The Palestinian president has vowed to form a national unity government. But it is difficult to see how he intends to achieve this. His unilateral decision was opposed by most of the main factions, including Hamas – which had embraced elections and political engagement to extricate itself from Gaza. It will now have to reassess its options. Given past experiences, the group is unlikely to rush to support a new government led by Abbas. More likely, it will use his missteps to score political points and burnish its domestic credentials. And, while Fatah may try to compensate for this by increasing its nationalist rhetoric and calling for peaceful popular resistance, it is Hamas that will be best placed to exploit increasing tensions with Israel.
As usual, the biggest casualty will be Gaza – which remains stuck on the brink of conflict and a humanitarian catastrophe. Without any path towards national reunification, and as institutional linkages between Gaza and the West Bank continue to fray, Gazans may only be able to hope for an expanded ceasefire arrangement between Hamas and Israel that facilitates an economic recovery – even at the risk of creating a de facto mini-state under Hamas’s authoritarian rule.
The need to recalibrate EU policy
Since the start of the Middle East Peace Process in Oslo in 1993, support for the PA has formed a core part of EU policy. But the EU now needs to recalibrate its approach, given that Abbas’ rising authoritarianism is undercutting Palestinians’ national aspirations and institutions. This should be part of a broader review of EU policy on the Israel-Palestinian conflict – one designed to address a dysfunctional peacemaking paradigm that incentivises Israel’s occupation of Palestinian territories. An important corollary of this will be to help restore Palestinian political space and allow the emergence of a transformative, non-violent strategy that is no longer beholden to the Oslo process.
In the meantime, the EU should continue pushing Palestinian factions towards national dialogue and reunification. But the bloc should also countenance the possibility that Palestine’s fractured system of governance, split between the PA in the West Bank and Hamas in Gaza, may last for years to come. To better support Gaza’s recovery and consolidate Hamas’s move towards political engagement, the EU will need to end its no-contact policy with the group.
Above all, the EU should more explicitly link funding to democratisation, to make clear that a continued slide into autocracy will have implications for the bilateral relationship. Unless Abbas sets a new date for the elections, the bloc should ensure that its direct financial support to the PA does not benefit Abbas’s presidential office – whose budget totalled around €28m in 2017, or approximately 15 per cent of EU funding under PEGASE. This would free up funds that could be reallocated to other PA budgetary lines or to local socio-economic projects.
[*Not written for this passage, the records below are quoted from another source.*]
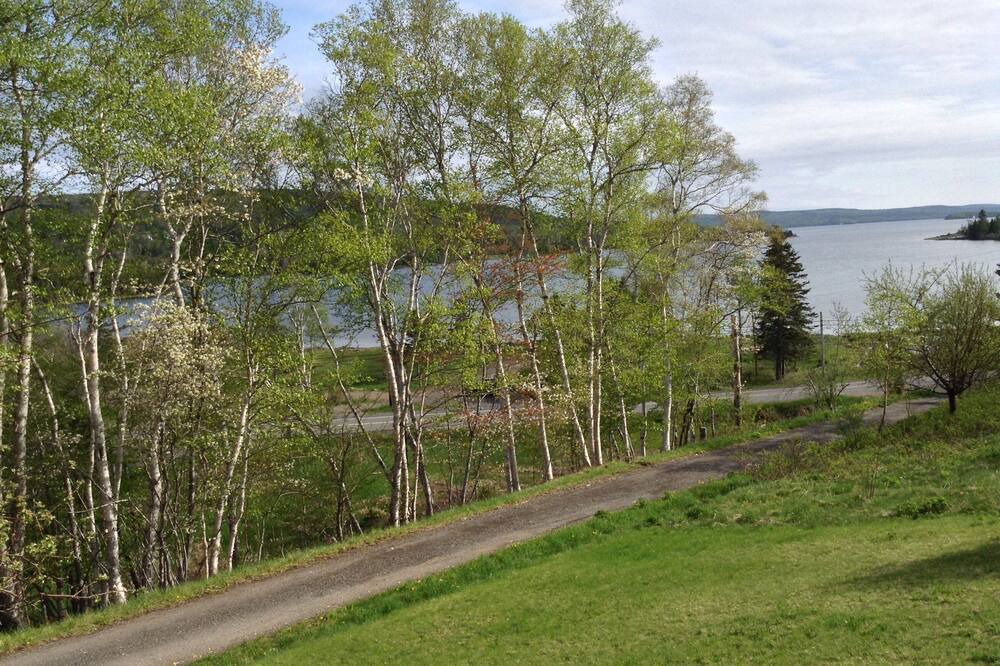 Photo of Outdoor in Baddeck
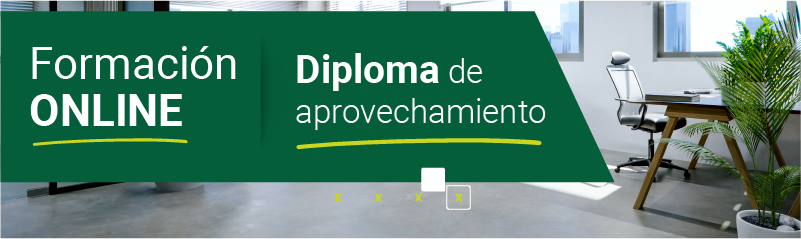Ventajas cursos gratuitos Ventajas cursos gratuitos
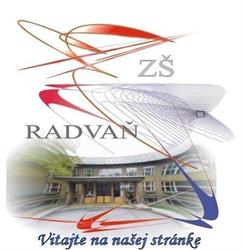 Základná škola s materskou školou, Radvanská 1, Banská Bystrica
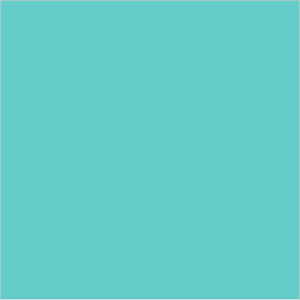 Small Cubby Bin with Lid, Teal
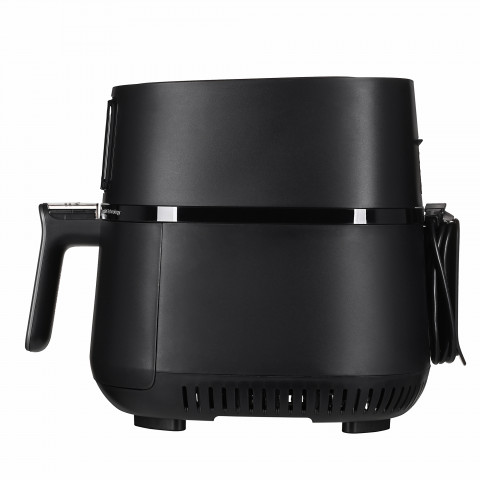Frytownica niskotłuszczowa PHILIPS HD 9285/90 - Galeria zdjęcie 4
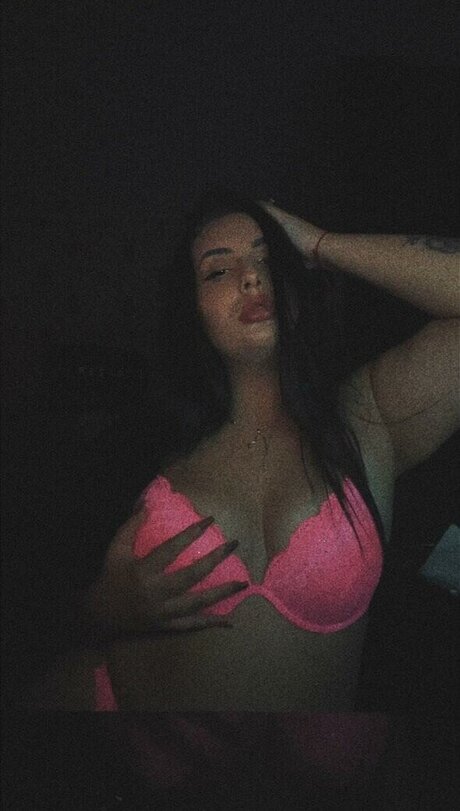 Ellyyelly model sexy archive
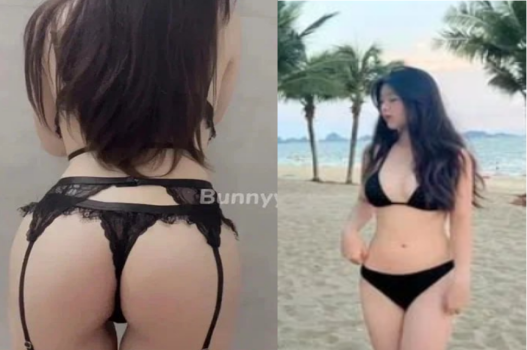 phim thế giới hoàn mỹ,sex cổ đại,sex anome Người chồng phá sản, lại vay mượn nợ khiến người vợ rơi vào đường cùng phải bán thân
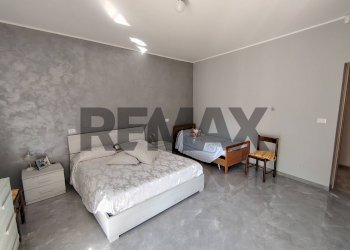 Camera / camera da letto - Independent house Faito
 
snc, Duronia - photo 3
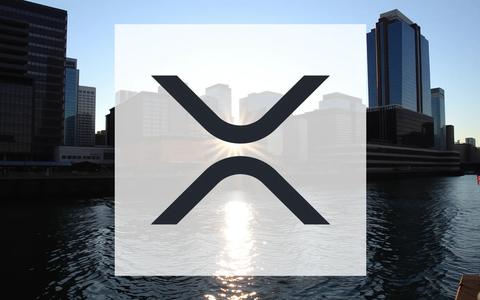 XRP: el ecosistema se acelera, el precio se resiste - Foto: über boerse-global.de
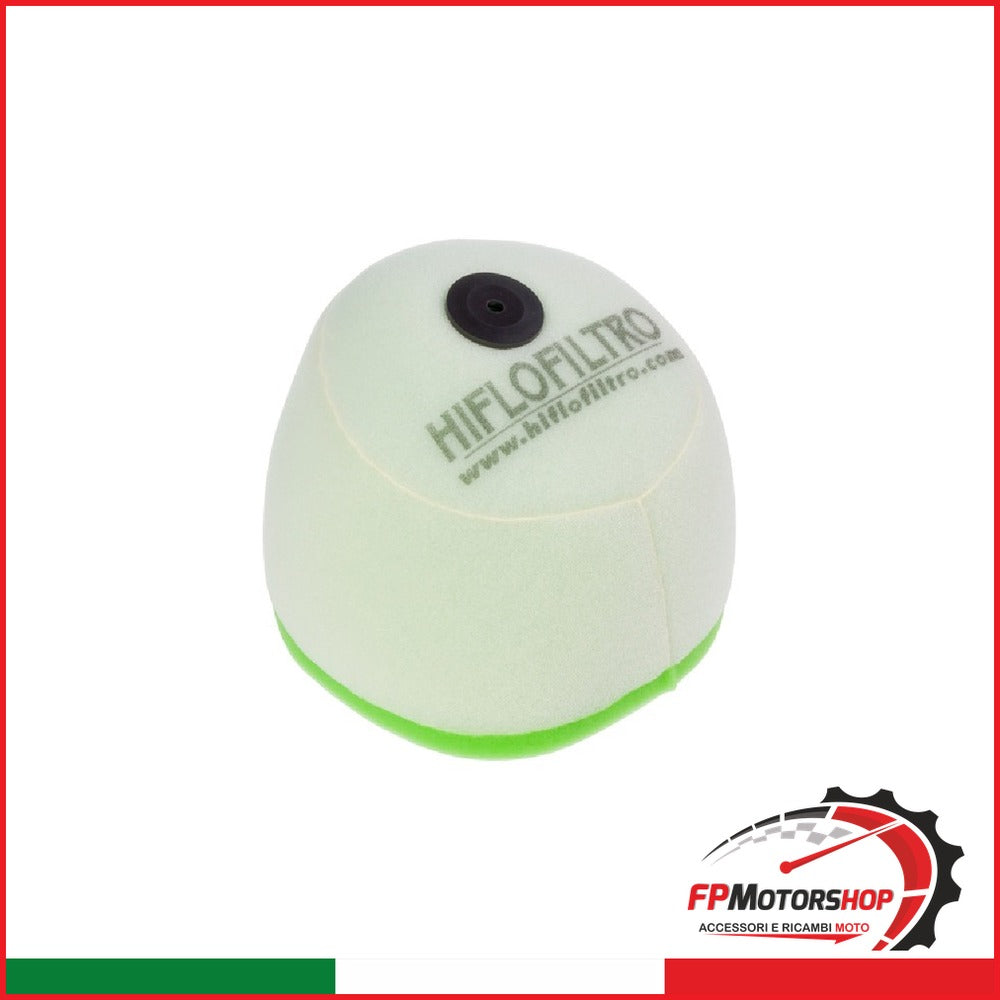 FILTRO ARIA MOTO HONDA HFF1013 CR 500 2000-2001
The EU should couple this with an offer of greater on-the-ground support to help organise elections in East Jerusalem and surmount any potential Israeli obstructions that may emerge.
Palestinians deserve a representative leadership and accountable institutions. These are indispensable elements of their quest for self-determination and statehood. As the largest funder of the PA, the EU has a responsibility to ensure that Abbas does not undercut these ambitions. The European message should be loud and clear: restore Palestinian democracy or lose support.
 Public Budget Law 2017, State of Palestine, Ministry of Finance and Planning, Directorate General of Budget (copy held by author).